The data below holds a line containing "Oversized Cotton Poplin" and a line containing "Purple Printed Satin Saree Set"; please quote exactly those two lines and every line between them, and nothing else.

** EXERCISE INPUT **
'''

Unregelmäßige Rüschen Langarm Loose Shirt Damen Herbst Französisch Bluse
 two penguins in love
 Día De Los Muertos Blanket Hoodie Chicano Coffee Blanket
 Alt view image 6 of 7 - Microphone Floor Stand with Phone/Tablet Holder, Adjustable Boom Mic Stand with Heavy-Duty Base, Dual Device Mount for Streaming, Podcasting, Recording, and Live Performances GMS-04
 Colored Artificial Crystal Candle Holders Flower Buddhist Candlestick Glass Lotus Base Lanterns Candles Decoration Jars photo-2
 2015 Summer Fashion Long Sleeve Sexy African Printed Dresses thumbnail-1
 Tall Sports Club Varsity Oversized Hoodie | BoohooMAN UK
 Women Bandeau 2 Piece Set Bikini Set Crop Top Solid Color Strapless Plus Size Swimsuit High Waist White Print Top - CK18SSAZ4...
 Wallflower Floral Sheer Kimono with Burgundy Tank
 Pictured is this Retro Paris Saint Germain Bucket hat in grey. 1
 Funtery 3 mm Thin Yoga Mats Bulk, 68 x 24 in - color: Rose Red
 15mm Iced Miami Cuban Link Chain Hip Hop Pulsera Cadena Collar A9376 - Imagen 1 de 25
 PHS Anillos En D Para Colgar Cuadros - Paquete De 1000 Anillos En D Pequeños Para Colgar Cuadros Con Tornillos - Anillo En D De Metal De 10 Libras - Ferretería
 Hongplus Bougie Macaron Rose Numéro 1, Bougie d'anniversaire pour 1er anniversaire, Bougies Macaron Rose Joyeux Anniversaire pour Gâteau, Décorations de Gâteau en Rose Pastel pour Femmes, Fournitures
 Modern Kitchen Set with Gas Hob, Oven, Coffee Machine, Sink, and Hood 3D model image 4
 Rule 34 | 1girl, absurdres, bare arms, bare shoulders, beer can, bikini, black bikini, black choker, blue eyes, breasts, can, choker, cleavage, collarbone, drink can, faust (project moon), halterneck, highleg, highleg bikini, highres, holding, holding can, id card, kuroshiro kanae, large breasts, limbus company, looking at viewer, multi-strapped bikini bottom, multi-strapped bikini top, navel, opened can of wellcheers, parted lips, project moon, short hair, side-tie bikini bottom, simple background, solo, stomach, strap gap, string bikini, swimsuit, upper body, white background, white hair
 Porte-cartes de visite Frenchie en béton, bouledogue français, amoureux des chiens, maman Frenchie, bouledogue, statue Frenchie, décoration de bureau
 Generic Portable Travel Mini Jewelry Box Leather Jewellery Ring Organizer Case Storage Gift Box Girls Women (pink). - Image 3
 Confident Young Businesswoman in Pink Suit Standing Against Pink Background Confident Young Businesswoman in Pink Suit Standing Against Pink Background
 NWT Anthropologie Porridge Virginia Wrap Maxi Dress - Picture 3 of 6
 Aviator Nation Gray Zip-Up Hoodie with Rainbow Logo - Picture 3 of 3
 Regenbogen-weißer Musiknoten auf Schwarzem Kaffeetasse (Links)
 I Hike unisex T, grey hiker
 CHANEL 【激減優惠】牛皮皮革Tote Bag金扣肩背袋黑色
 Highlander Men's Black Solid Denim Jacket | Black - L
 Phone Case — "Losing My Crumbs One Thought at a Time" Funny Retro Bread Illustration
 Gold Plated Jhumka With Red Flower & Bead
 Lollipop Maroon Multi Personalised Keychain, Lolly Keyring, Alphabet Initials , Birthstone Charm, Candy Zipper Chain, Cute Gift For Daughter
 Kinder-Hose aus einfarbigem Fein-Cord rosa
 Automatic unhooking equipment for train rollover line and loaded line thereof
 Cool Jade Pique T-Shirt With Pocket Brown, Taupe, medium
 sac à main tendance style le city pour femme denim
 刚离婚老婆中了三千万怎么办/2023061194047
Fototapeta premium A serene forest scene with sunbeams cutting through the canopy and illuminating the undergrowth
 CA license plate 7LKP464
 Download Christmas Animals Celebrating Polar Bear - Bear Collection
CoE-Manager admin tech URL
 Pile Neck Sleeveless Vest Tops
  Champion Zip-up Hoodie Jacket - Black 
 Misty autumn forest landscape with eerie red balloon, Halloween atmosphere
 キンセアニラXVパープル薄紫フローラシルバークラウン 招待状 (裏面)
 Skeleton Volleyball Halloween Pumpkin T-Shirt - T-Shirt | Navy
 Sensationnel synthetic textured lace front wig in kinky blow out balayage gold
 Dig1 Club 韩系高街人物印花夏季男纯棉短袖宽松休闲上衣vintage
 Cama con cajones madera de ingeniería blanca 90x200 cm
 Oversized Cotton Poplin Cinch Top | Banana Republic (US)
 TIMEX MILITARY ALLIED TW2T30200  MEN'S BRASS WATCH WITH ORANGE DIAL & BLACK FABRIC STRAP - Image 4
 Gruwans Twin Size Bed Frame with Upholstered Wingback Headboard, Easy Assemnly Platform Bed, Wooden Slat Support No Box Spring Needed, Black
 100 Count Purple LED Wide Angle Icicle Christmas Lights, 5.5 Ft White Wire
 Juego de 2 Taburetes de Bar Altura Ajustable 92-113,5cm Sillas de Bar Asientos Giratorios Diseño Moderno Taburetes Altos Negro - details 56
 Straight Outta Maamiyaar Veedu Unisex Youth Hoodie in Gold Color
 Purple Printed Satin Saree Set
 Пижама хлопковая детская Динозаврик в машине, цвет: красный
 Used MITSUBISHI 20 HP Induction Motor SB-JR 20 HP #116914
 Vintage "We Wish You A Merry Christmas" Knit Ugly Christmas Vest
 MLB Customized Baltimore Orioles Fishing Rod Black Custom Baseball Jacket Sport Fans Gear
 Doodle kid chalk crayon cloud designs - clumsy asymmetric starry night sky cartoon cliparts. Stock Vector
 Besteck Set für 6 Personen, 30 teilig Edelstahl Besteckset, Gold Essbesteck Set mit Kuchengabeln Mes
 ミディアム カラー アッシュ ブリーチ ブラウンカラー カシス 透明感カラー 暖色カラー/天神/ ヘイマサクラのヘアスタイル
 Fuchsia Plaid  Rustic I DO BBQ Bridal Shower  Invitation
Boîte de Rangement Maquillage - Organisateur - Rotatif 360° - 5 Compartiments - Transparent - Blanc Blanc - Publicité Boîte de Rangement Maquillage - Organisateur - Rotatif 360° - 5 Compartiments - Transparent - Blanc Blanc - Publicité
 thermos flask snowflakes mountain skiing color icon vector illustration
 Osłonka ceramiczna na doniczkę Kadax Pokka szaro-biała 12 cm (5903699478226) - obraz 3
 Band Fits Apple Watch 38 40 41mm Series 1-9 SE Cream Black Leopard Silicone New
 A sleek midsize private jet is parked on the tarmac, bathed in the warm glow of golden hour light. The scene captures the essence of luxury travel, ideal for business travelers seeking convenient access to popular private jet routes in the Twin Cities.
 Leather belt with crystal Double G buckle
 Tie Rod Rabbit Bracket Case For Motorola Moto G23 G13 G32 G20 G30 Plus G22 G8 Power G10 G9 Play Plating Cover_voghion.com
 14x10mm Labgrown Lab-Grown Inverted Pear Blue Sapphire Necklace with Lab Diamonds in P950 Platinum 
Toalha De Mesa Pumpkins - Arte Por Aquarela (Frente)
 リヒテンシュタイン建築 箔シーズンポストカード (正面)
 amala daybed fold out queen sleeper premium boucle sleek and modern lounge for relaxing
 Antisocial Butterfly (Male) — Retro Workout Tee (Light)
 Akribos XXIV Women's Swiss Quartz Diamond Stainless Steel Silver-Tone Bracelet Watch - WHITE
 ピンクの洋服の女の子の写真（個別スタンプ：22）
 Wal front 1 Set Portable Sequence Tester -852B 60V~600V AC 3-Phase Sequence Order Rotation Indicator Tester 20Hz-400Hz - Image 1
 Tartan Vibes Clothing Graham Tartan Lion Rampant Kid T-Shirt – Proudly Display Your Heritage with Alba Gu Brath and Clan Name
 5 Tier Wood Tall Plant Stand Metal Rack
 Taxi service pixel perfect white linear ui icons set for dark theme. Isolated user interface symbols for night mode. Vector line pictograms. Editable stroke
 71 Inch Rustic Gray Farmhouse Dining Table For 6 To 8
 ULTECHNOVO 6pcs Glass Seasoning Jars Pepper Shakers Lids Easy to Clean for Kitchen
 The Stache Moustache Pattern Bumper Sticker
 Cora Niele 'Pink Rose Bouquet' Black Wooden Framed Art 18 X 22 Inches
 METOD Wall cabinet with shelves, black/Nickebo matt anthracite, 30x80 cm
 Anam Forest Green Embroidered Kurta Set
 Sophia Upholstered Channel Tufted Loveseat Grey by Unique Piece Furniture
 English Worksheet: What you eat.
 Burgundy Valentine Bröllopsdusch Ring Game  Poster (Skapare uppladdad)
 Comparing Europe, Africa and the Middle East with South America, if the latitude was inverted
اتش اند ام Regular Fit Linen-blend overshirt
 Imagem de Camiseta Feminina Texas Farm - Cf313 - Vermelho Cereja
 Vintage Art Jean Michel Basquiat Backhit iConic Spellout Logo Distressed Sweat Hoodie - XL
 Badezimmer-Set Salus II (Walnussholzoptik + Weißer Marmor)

'''

** EXERCISE OUTPUT **
 Oversized Cotton Poplin Cinch Top | Banana Republic (US)
 TIMEX MILITARY ALLIED TW2T30200  MEN'S BRASS WATCH WITH ORANGE DIAL & BLACK FABRIC STRAP - Image 4
 Gruwans Twin Size Bed Frame with Upholstered Wingback Headboard, Easy Assemnly Platform Bed, Wooden Slat Support No Box Spring Needed, Black
 100 Count Purple LED Wide Angle Icicle Christmas Lights, 5.5 Ft White Wire
 Juego de 2 Taburetes de Bar Altura Ajustable 92-113,5cm Sillas de Bar Asientos Giratorios Diseño Moderno Taburetes Altos Negro - details 56
 Straight Outta Maamiyaar Veedu Unisex Youth Hoodie in Gold Color
 Purple Printed Satin Saree Set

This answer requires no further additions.